La razón era que había muchas tiendas en la ciudad de la prefectura y abrían temprano.
Las velas bajo el corredor estaban todas encendidas.
El grupo se subió al carruaje.
Cuando Xiaowu estuvo en Jin Ji, siempre seguía al Tendero Sun para discutir negocios.
Había venido a la ciudad de la prefectura siete u ocho veces, así que estaba familiarizado con el entorno.
No había muchos peatones en la calle, así que no tomó atajos.
Aceleró por la carretera principal y pronto llegó a la puerta lateral de la familia Wang.
Aunque la familia Wang era una familia de comerciantes, su casa estaba construida en un estilo más imponente que el de la familia Qi.
Además, parecía haber sido renovada en los últimos años.
Los colores de las paredes y aleros eran muy nuevos y magníficos.
La Tercera Señora ya había informado al sirviente en la puerta lateral.
Después de que el Tendero Sun se presentó, el sirviente los llevó dentro de la mansión y los guió a la cocina.
La familia Wang tenía un total de tres ramas.
La primera rama era el descendiente directo del Maestro Wang, y la segunda y tercera ramas eran hijos de concubinas.
Hoy era el banquete para el nieto directo de la primera rama, y era especialmente grandioso y festivo.
Los sirvientes debieron haber comenzado a trabajar a medianoche.
El patio trasero estaba brillantemente iluminado.
Mientras el sirviente les mostraba el camino, echaba un vistazo a los hermanos de vez en cuando, principalmente a Su Xiaoxiao.
No se podía evitar.
Incluso si Su Xiaoxiao perdiera docenas de kilogramos, todavía sería una gorda en la antigüedad.
Sin embargo, en comparación con la gorda oscura cuando transmigró por primera vez, ahora estaba pálida, regordeta y un poco linda.
—Hermano Qiu, ¿quiénes son?
—otro sirviente le preguntó al sirviente en voz baja.
—La Tercera Señora contrató a una chef de Ciudad Flor de Damasco —dijo el sirviente en voz baja.
—¿De la ciudad?
—La criada frunció los labios, claramente despreciándola—.
¿En qué estaba pensando la Tercera Señora?
—Shh… —El sirviente miró alrededor—.
No dejes que la Tercera Señora escuche esto.
—Lo sé, lo sé —la criada estuvo de acuerdo y miró a Su Xiaoxiao algunas veces más.
Era la más llamativa entre ellos, así que era imposible no notarla.
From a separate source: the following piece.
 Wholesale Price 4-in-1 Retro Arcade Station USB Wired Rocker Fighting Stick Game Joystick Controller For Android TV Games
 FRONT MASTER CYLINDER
Su Xiaoxiao escuchó claramente su conversación.
Había una cadena de desprecio en todas partes.
La gente de la ciudad miraba hacia abajo a la gente del campo, y la gente de la ciudad de la prefectura despreciaba a la gente del pueblo…
—Ella simplemente haría su parte y no se preocuparía por lo que otros digan.
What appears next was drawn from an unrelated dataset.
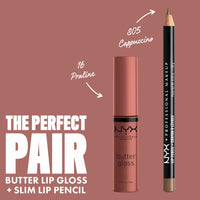 Thumbnail for NYX PROFESSIONAL MAKEUP Butter Gloss, Non-Sticky Lip Gloss - Praline (Deep Nude)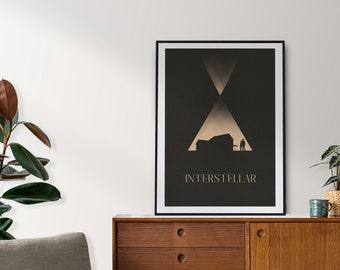 Interstellares Poster || Einfarbige Punkte Tusche || Digitales Poster zum Download || Digitale Zeichnung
—La Tercera Señora había preparado consideradamente una cocina pequeña para ellos e instruyó a los sirvientes para que intentaran satisfacer cualquier ingrediente que necesitasen.
No era necesario informarle especialmente.
—Sin embargo, cuando el sirviente los llevó a la pequeña cocina que habían preparado en la mañana, descubrió inesperadamente que había gente adentro.
—Erán caras desconocidas.
—El sirviente se sorprendió y preguntó:
—¿Quiénes son ustedes?
¿De qué rama vienen?
—Un hombre de mediana edad que estaba preparando harina en la estufa dijo:
—Somos los pasteleros contratados por su residencia.
—El sirviente dijo:
—Eso no está bien.
El pastelero está aquí.
—¿Qué pasó?
—preguntó una voz femenina delicada sonó lentamente desde no muy lejos.
—La que hablaba parecía tener alrededor de treinta y cinco o treinta y seis años.
Estaba vestida con ropa magnífica y cubierta de joyas.
Se veía extremadamente rica.
Estaba acompañada por una criada y una criada.
Ambas estaban bien vestidas.
—El sirviente se dio la vuelta y se inclinó ante la otra parte.
Dijo respetuosamente:
—¡Segunda Señora!
—La Segunda Señora sonrió ligeramente y preguntó:
—Es Lingqiu.
¿Qué estás haciendo aquí?
—El sirviente llamado Lingqiu dijo:
—Segunda Señora, traje a los maestros para hacer bocadillos.
—¿De dónde salió este pastelero?
—preguntó la Segunda Señora.
—De Ciudad Flor de Damasco.
—¿Quién trajo al cocinero del pueblo?
—La invité yo.
¿Tiene alguna objeción la Segunda Cuñada?
—contestó otra voz.
—La Tercera Señora llegó con sus criadas.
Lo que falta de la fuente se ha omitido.